In 2006, Arizona voters approved Proposition 202, the Arizona Minimum Wage Act, by a citizens initiative which set a higher minimum wage and adopted an automatic annual cost of living adjustment.
Proposition 202 also gave local governments the right to enact their own higher minimum wage and other benefits of employment.

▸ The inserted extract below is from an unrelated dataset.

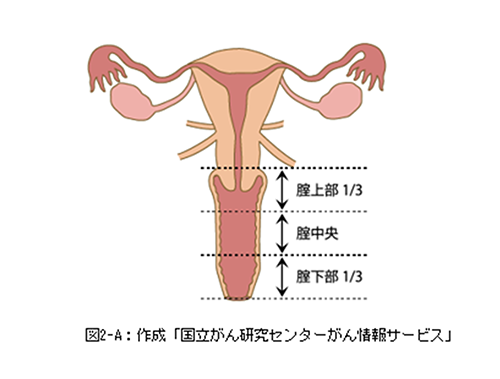 婦人科の病気｜婦人科｜三宅おおふくクリニック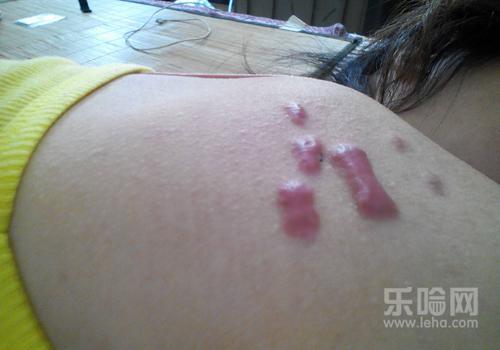 皮脂腺囊肿有什么危害,皮脂腺囊肿严重吗,皮脂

A.R.S.§ 23-362, Paragraph I provides:
I. THE LEGISLATURE MAY BY STATUTE RAISE THE MINIMUM WAGE ESTABLISHED UNDER THIS ARTICLE, EXTEND COVERAGE, OR INCREASE PENALTIES. A COUNTY, CITY, OR TOWN MAY BY ORDINANCE REGULATE MINIMUM WAGES AND BENEFITS WITHIN ITS GEOGRAPHIC BOUNDARIES BUT MAY NOT PROVIDE FOR A MINIMUM WAGE LOWER THAN THAT PRESCRIBED IN THIS ARTICLE. STATE AGENCIES, COUNTIES, CITIES, TOWNS AND OTHER POLITICAL SUBDIVISIONS OF THE STATE MAY CONSIDER VIOLATIONS OF THIS ARTICLE IN DETERMINING WHETHER EMPLOYERS MAY RECEIVE OR RENEW PUBLIC CONTRACTS, FINANCIAL ASSISTANCE OR LICENSES. THIS ARTICLE SHALL BE LIBERALLY CONSTRUED IN FAVOR OF ITS PURPOSES AND SHALL NOT LIMIT THE AUTHORITY OF THE LEGISLATURE OR ANY OTHER BODY TO ADOPT ANY LAW OR POLICY THAT REQUIRES PAYMENT OF HIGHER OR SUPPLEMENTAL WAGES OR BENEFITS, OR THAT EXTENDS SUCH PROTECTIONS TO EMPLOYERS OR EMPLOYEES NOT COVERED BY THIS ARTICLE. (emphasis added)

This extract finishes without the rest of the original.